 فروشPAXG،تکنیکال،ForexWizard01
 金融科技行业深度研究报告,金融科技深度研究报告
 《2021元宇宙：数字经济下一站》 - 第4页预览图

# # # # #

Restate the listing in full, preserving every word.

 فروشPAXG،تکنیکال،ForexWizard01
 金融科技行业深度研究报告,金融科技深度研究报告
 《2021元宇宙：数字经济下一站》 - 第4页预览图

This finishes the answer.